Le problème de l’orthographe, c’est que c’est aussi une question passionnelle. Malheur aux vaincus. La maîtrise du français est souvent un « argument » pour démolir autrui qui a eu le malheur de commettre des erreurs de français dans son message sur tel ou tel forum Internet. On se gausse de celles et ceux qui commettent des fautes ; on cherche à leur faire honte ; on met au pilori les textes publics qui en contiennent. L’excès dans les imprécations est fréquent : non loin d’« orthographe », on trouve « truffé de » ou « bourré de » sinon l’idée d’un « massacre » à arrêter. Les insultes ne manquent pas (le « putain » de Bescherelle ta mère, par exemple), le mépris s’affiche assez ouvertement et c’est alors que la dimension morale de la faute prend tout son sens par rapport à l’erreur vénielle et pardonnable. On peut faire une erreur de calcul, mais on fait une faute d’orthographe. N’en doutons pas, cette stigmatisation fonctionne : il n’est pas rare de voir des personnes ayant une piètre orthographe qui expriment de la honte ou de la gêne, qui se plaignent d’être pris pour des nuls.

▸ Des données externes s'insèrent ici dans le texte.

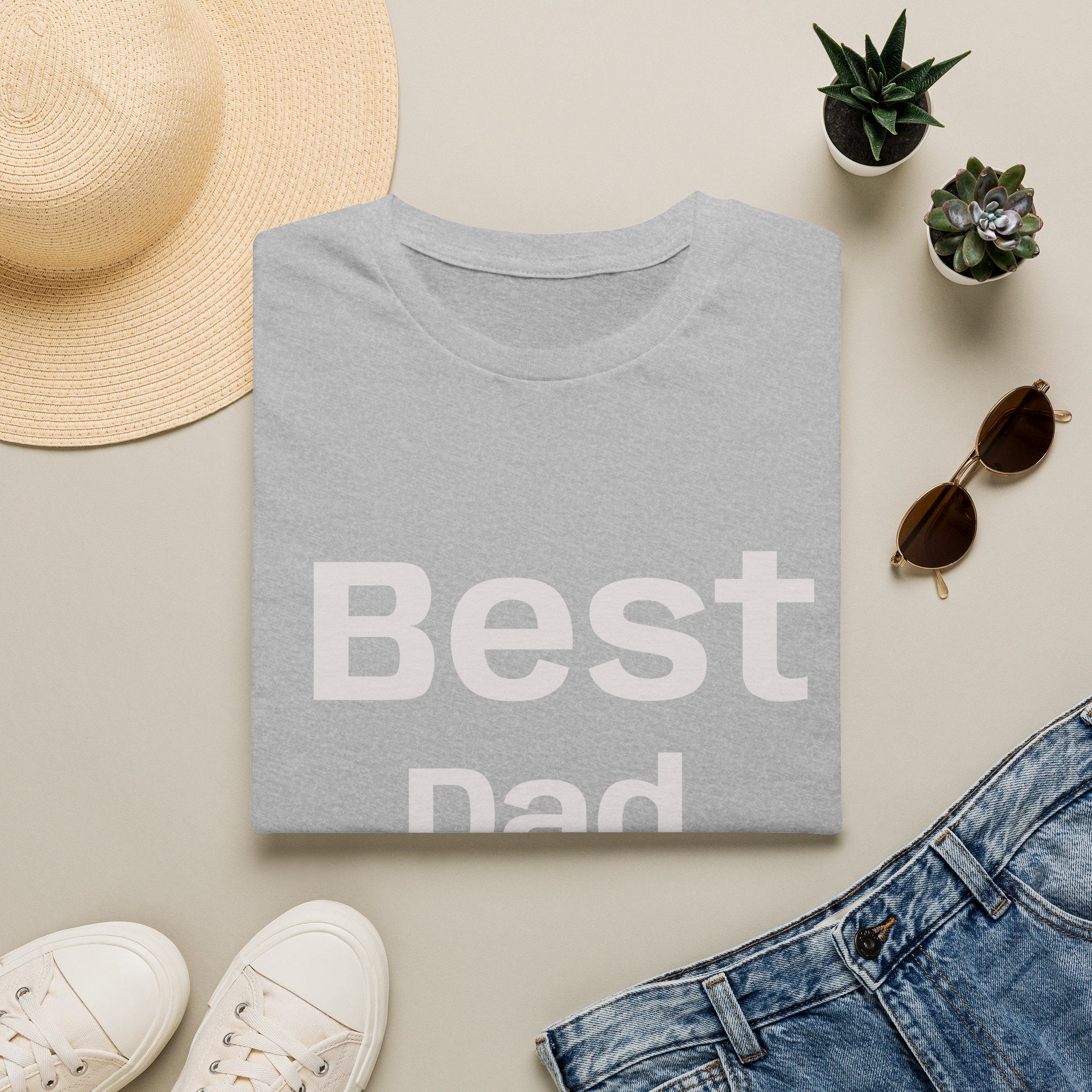 Best Dad Ever T-Shirt — “No Backsies” Back Print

Certains pourront se dire que cela aide à faire plus attention ou à apprendre. Mais est-ce la bonne méthode ? A-t-on envie de se lancer dans un terrain que l’on sait miné (« lespièges de la langue ») ? Et dans un terrain que l’on sait non maîtrisable dans l’absolu – qui ne commet aucune faute dans les dictées de Pivot ?
L’orthographe n’est pas qu’une norme de la langue, c’est une norme sociale.